Understandable, of course. In any business, you are sometimes at the mercy of forces beyond your control. Just like today’s economy. It doesn’t matter if your selling spoons or staffing services or software. You have to adapt.

You also have to persevere with passion.

Here’s a quick excerpt from the email exchange I had with the folks of Gourmet Settings following my first message expressing disappointment with the dropping of the 18/10 stainless.

GS:

I agree with you on the 18/10 vs 18/0 – and you are correct  –  it is because of the high worldwide cost of nickel.

Having said that – we do continue to stand behind our flatware patterns- regardless of the steel components – so if you have any problems or concerns – just let us know. I am going to pass on your comments to the company owner – she is always happy to hear feedback from our customers.

Jane
Customer Service

GS (next day):

Hi Phil,

Jane forwarded your note to me, appreciate your feedback.

When the price of nickel went from $24,000 a ton to $56,000, working in 18/10 was no longer feasible.

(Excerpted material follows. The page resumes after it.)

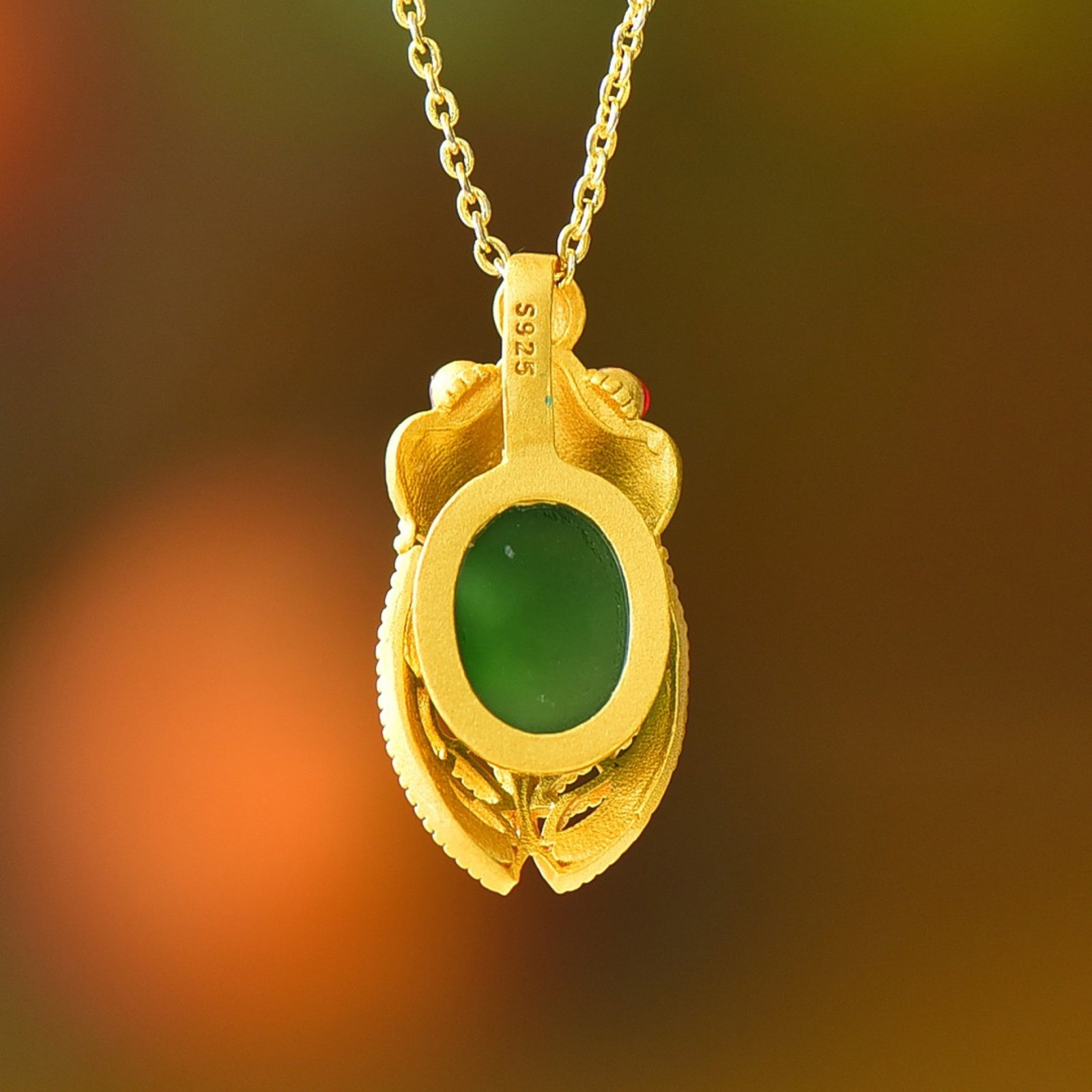 An Exquisite Sterling Silver-Gold Plated Inlaid Jasper Pendant: An Exquisite Sterling Silver-Gold Plated Inlaid Jasper Pendant 纯银镀金镶碧玉吊坠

We contacted Roger Hamby, director of CATRA (www.catra.org) to assist us in making the transition to 18/0. We needed assurance that our flatware would not be compromised because of the absence of nickel.

Turns out with the proper production process, we can offer the same quality promise with 18/0 as with 18/10.

You may know that the price of nickel has dropped to approx $10K/ton, making it feasible to bring back 18/10.

In the meantime, hope your gourmet settings flatware adds a dash of joy to your meals.

Warm regards,

Hildy Abrams
President
Gourmet Settings

Whoa! The president of the firm responds! In fact, when my order arrived soon after, it was accompanied by a personal note of thanks for my feedback from Hildy.

Think about that for a moment. We’re talking about knives, forks and spoons sold at big box retailers nationwide for less than $50 for a setting for four. Yet Hildy took the time to personally respond to my comment, assuring me that they were, indeed, aware of the issue and had taken appropriate measures to address it.

I was blown away by her response, and can see clearly that Hildy is passionate about flatware. Simple, everyday flatware.

Again I ask: Are you passionate enough about the quality of your products or services to respond — personally — to an individual consumer?

Passion gives you a winning edge in any competition. It can be the difference between so-so and exceptional sales. What do you think?